The name "irregularity" comes from the fact that for the first surfaces investigated in detail, the smooth complex surfaces in $\mathbb P^3$, the irregularity happens to vanish. The irregularity then appeared as a new "correction" term measuring the difference $p_g - p_a$ of the geometric genus and the arithmetic genus of more complicated surfaces. Surfaces are sometimes called regular or irregular depending on whether or not the irregularity vanishes.

For a complex analytic manifold X of general dimension, the Hodge number $h^{0,1}= \dim H^1(\mathcal{O}_X)$ is called the irregularity of $X$, and is denoted by q.

==Complex surfaces==
For non-singular complex projective (or Kähler) surfaces, the following numbers are all equal:
- The irregularity;
- The dimension of the Albanese variety;
- The dimension of the Picard variety;
- The Hodge number $h^{0,1}= \dim H^1(\Omega^0_X)$;
- The Hodge number $h^{1,0}= \dim H^0(\Omega^1_X)$;
- The difference $p_g - p_a$ of the geometric genus and the arithmetic genus.

For surfaces in positive characteristic, or for non-Kähler complex surfaces, the numbers above need not all be equal.

Henri Poincaré proved that for complex projective surfaces the dimension of the Picard variety is equal to the Hodge number h^{0,1}, and the same is true for all compact Kähler surfaces. The irregularity of smooth compact Kähler surfaces is invariant under bimeromorphic transformations.

For general compact complex surfaces the two Hodge numbers h^{1,0} and h^{0,1} need not be equal, but h^{0,1} is either h^{1,0} or h^{1,0}+1, and is equal to h^{1,0} for compact Kähler surfaces.

==Positive characteristic==
Over fields of positive characteristic, the relation between q (defined as the dimension of the Picard or Albanese variety), and the Hodge numbers h^{0,1} and h^{1,0} is more complicated, and any two of them can be different.

There is a canonical map from a surface F to its Albanese variety A which induces a homomorphism from the cotangent space of the Albanese variety (of dimension q) to H^{1,0}(F). Jun-Ichi Igusa found that this is injective, so that $q\le h^{1,0}$, but shortly after found a surface in characteristic 2 with $h^{1,0}= h^{0,1} = 2$ and Picard variety of dimension 1, so that q can be strictly less than both Hodge numbers. In positive characteristic neither Hodge number is always bounded by the other. Serre showed that it is possible for h^{1,0} to vanish while
h^{0,1} is positive, while Mumford showed that for Enriques surfaces in characteristic 2 it is possible for h^{0,1} to vanish while h^{1,0} is positive.

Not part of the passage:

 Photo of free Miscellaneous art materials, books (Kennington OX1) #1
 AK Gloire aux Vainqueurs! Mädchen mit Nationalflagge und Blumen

Alexander Grothendieck gave a complete description of the relation of q to $h^{0,1}$in all characteristics. The dimension of the tangent space to the Picard scheme (at any point) is equal to $h^{0,1}$. In characteristic 0 a result of Pierre Cartier showed that all groups schemes of finite type are non-singular, so the dimension of their tangent space is their dimension. On the other hand, in positive characteristic it is possible for a group scheme to be non-reduced at every point so that the dimension is less than the dimension of any tangent space, which is what happens in Igusa's example. Mumford shows that the tangent space to the Picard variety is the subspace of H^{0,1} annihilated by all Bockstein operations from H^{0,1} to H^{0,2}, so the irregularity q is equal to h^{0,1} if and only if all these Bockstein operations vanish.